Leaving out the pictures, please reproduce exactly and only the lines from the one that contains "Ogrodowa sofa środkowa, biała, lite" through the last line below.

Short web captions
══════

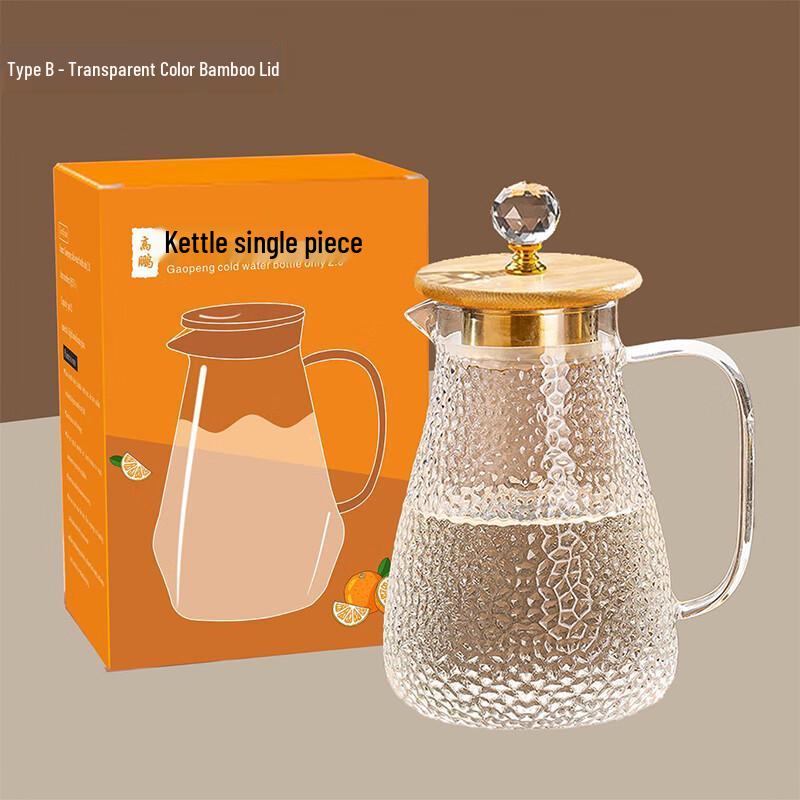 Стеклянный кувшин для воды из боросиликатного стекла с ручкой и крышкой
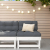 Ogrodowa sofa środkowa, biała, lite drewno sosnowe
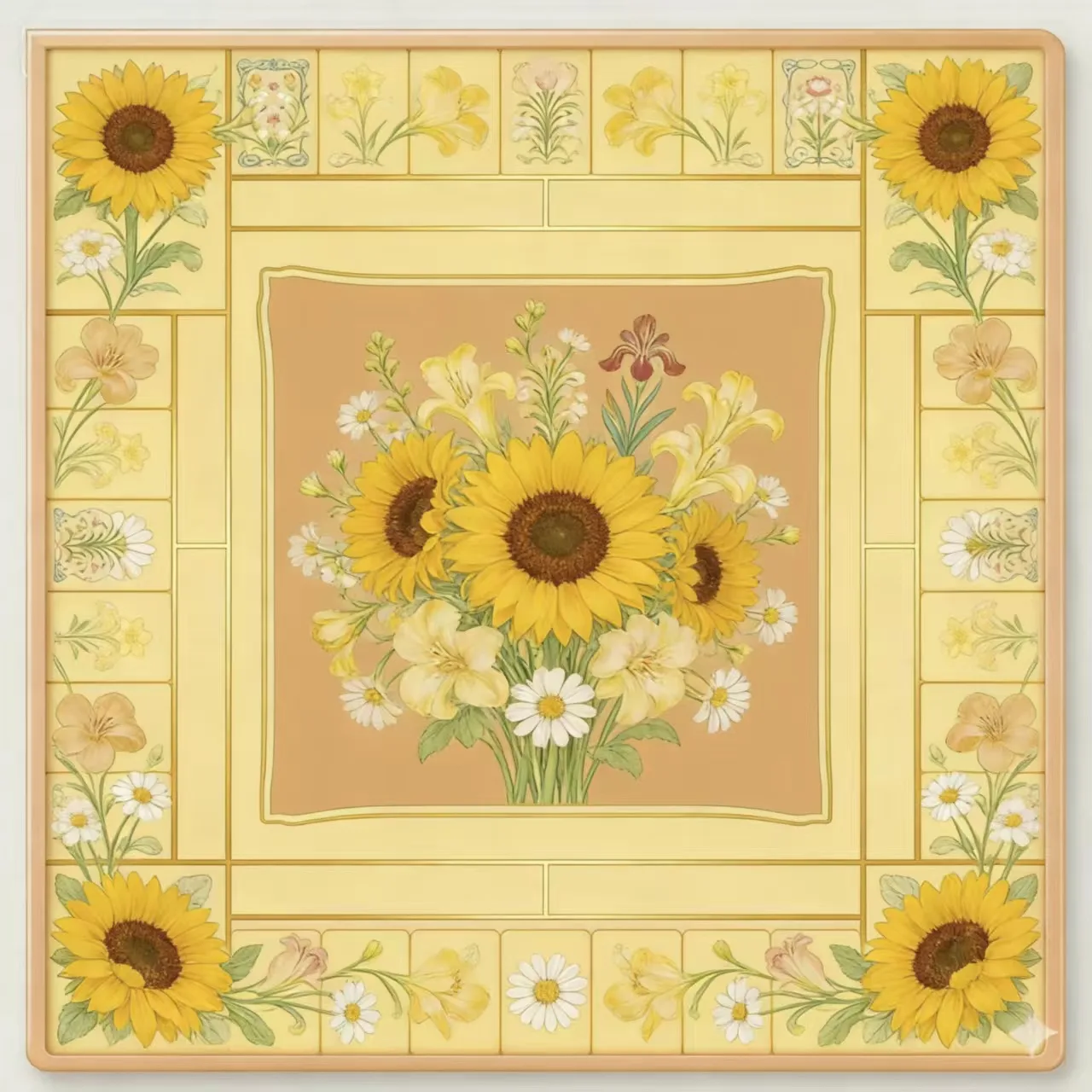 Custom Yellow Chrysanthemum Printed Mahjong Table Mat, Diverse Custom Patterns & Multiple Styles for Your Selection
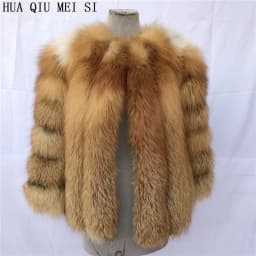 HUA QIU MEI SI Women's fox fur coat vertical stripe silver fox red fox fur coat women's natural fur coat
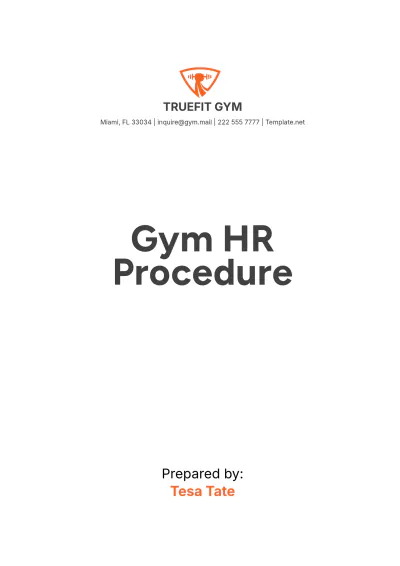 Free Gym HR Procedure Template to Edit Online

══════

Answer for the task
 Ogrodowa sofa środkowa, biała, lite drewno sosnowe
 Custom Yellow Chrysanthemum Printed Mahjong Table Mat, Diverse Custom Patterns & Multiple Styles for Your Selection
 HUA QIU MEI SI Women's fox fur coat vertical stripe silver fox red fox fur coat women's natural fur coat
 Free Gym HR Procedure Template to Edit Online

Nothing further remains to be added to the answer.